CATANIA –  «Seguirà una mia ordinanza», l’annuncio di martedì pomeriggio. Mentre era in corso il confronto fra Regioni e Palazzo Chigi sul Dpcm.

Ma, almeno per ora, Nello Musumeci (così come gli altri suoi colleghi governatori) non dovrebbe firmare alcun atto che possa diversificare in Sicilia alcune delle regole fissate dal decreto del presidente del Consiglio. «Le mie ordinanze – ha detto ieri, a margine della conferenza stampa di “Io Compro Siciliano” a Palermo – sono legate al dato epidemiologico. Quelle che dovevamo adottare le abbiamo adottate, continuiamo a fare appello alla responsabilità individuale e collettiva dei siciliani. Dobbiamo tornare a essere esempio come lo siamo stati nei mesi di marzo, aprile e maggio».

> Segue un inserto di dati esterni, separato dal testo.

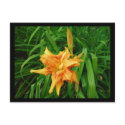 Daylily postcards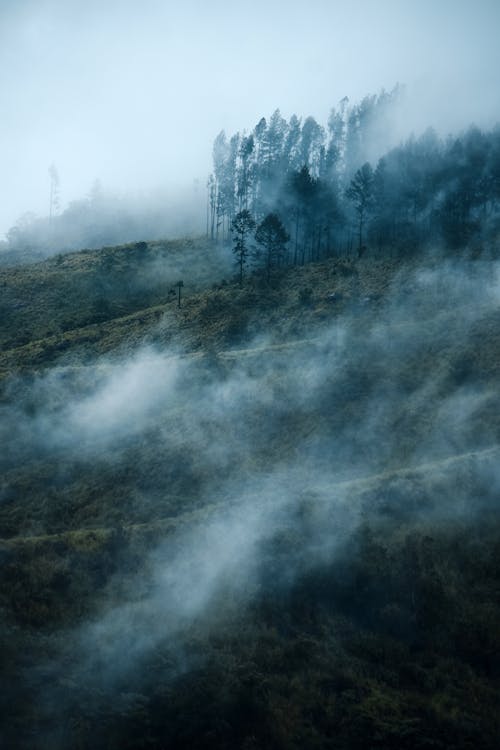 Mountains in Fog at Dawn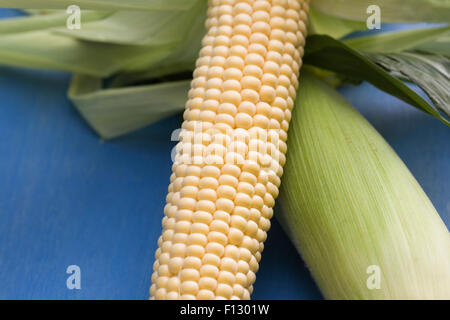 Zea mays. Appena raccolto sulla pannocchia di mais su uno sfondo blu. Foto Stock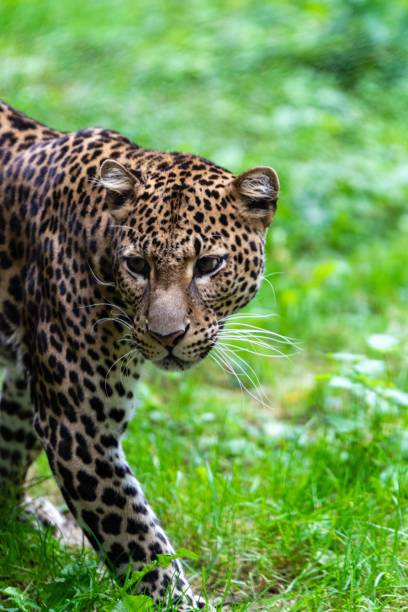 istock portrait of leopard in the grass 1280946251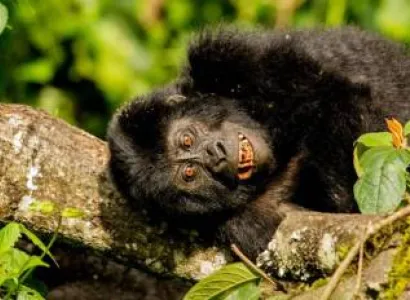 Uganda Gorilla Safari 6 Days Gorilla Trekking - Chimpanzee - Wildlife Tour In Uganda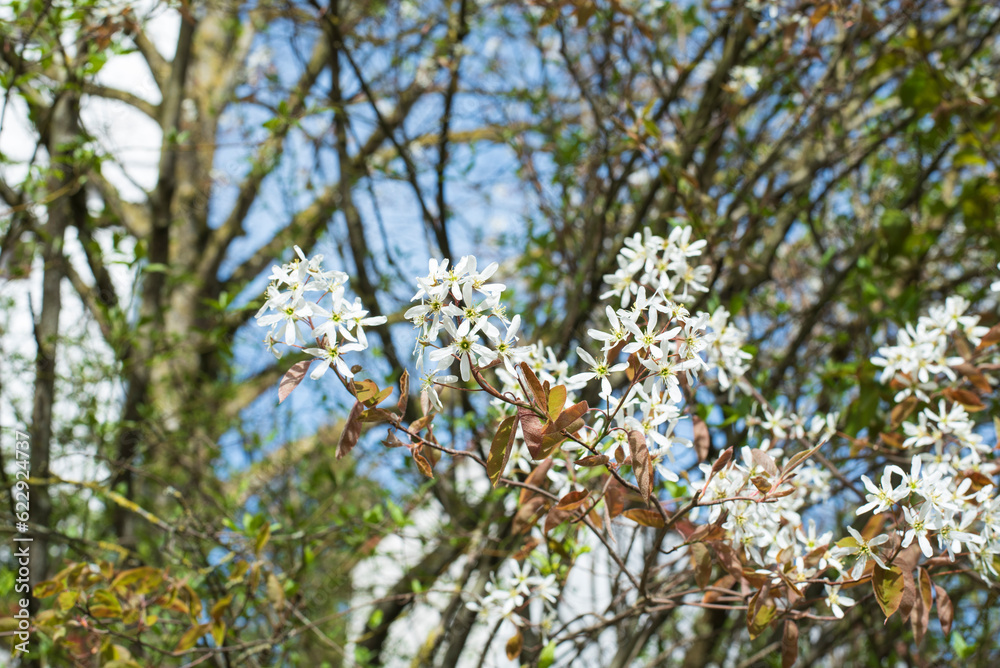 close-up of the blossoms of a juneberry shrub
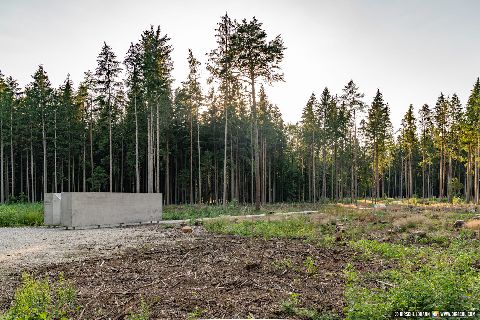 Gemeinde Mühldorfer_Hart Landkreis Mühldorf Massengrab (Dirschl Johann) Deutschland MÜ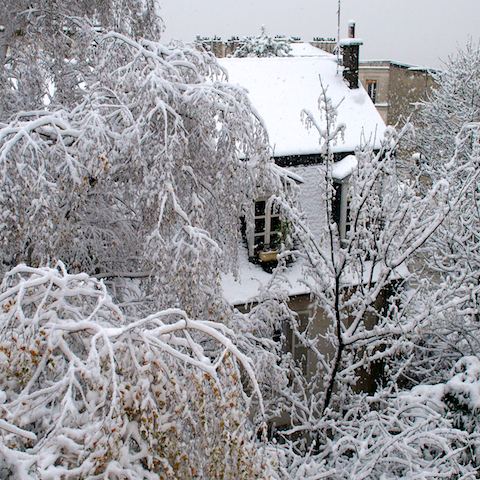 image: Parisien house in the snow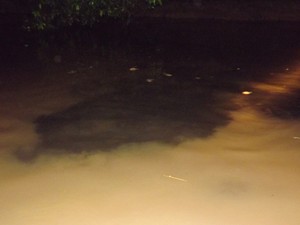 Mancha escura no rio representa resíduos de produtos químicos (Foto: Luiz Pitanguy/Arquivo Pessoal)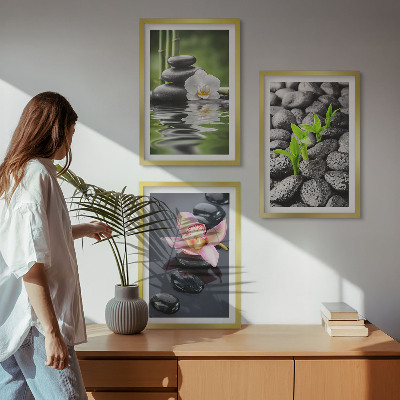 Set di quadri incorniciati Una tranquilla composizione zen di fiori e acqua.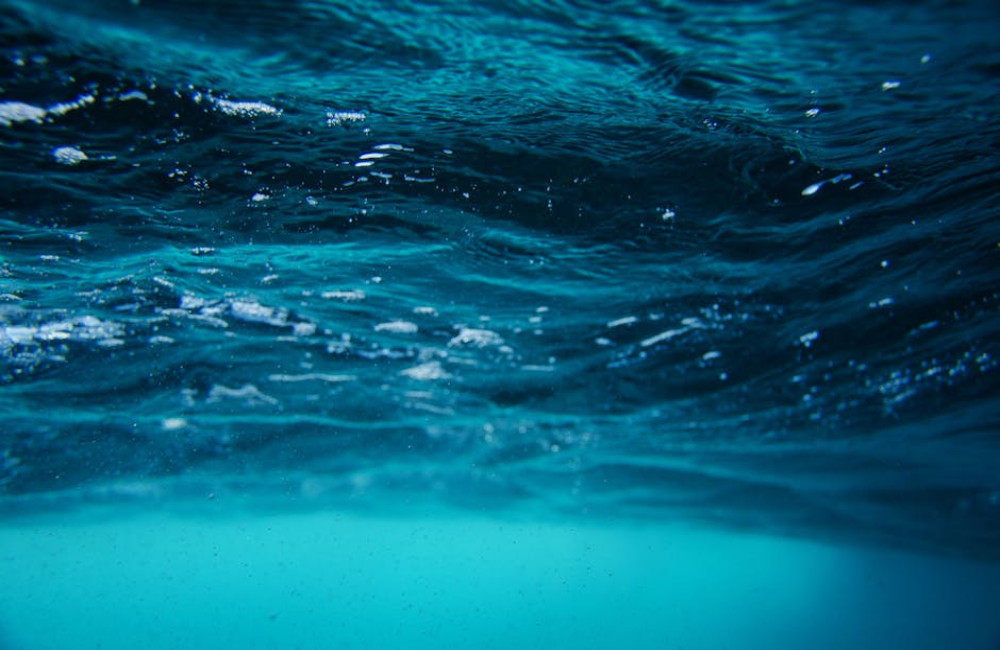 Hoe helpt een regenwateropvangsysteem de natuur en jouw waterrekening?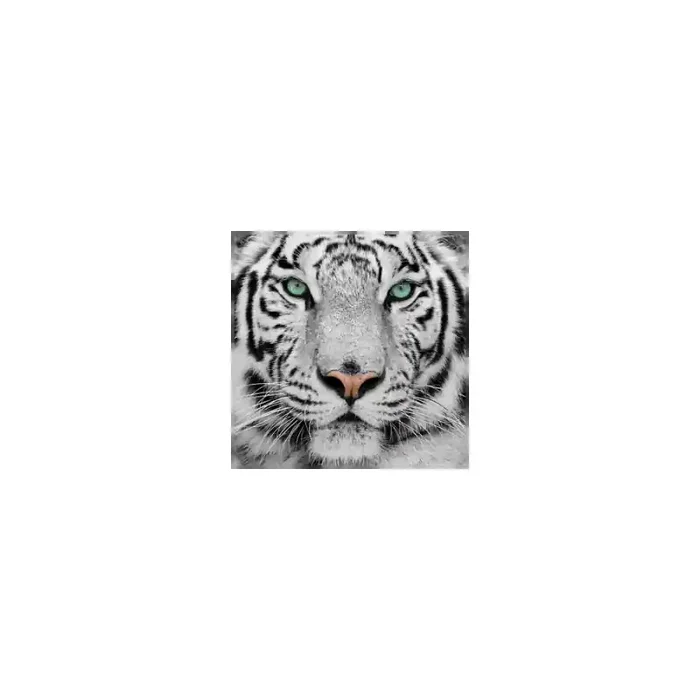 Fotomural Tigre FAN001, 100cm. x 100cm., Vinilo Autoadhesivo Mate, Todo Color, Original, 0x0x0x0 cm.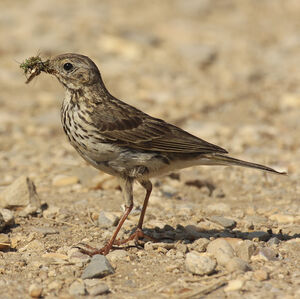 Meadow Pipit 
&copy; Christophe Mercier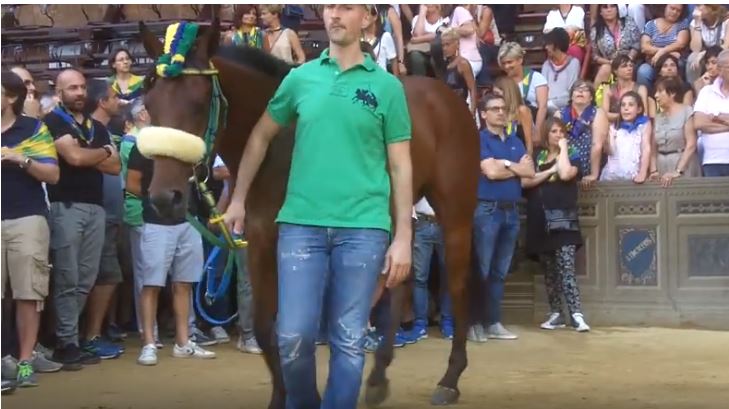 Palio di Siena: Reynard King – I cavalli del Palio di&nbsp;Siena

In effetti sarebbe complicato in questo momento avventurarsi in un nuovo provvedimento, perché quelli permessi alle Regioni sono di tipo più restrittivo rispetto al quadro nazionale. E invece stavolta Musumeci avrebbe preferito avere mano libera per allentare la morsa su alcuni divieti. «Siamo rimasti fino alla mezzanotte a discutere con Palazzo Chigi. Abbiamo dato l’assenso, diverso il nostro parere per quel che riguarda la norma che prevede limitazioni allo svolgimento di cerimonie nuziali, feste e ricorrenze. È una assurdità perché si compie un atto di ingiustizia», dice Musumeci.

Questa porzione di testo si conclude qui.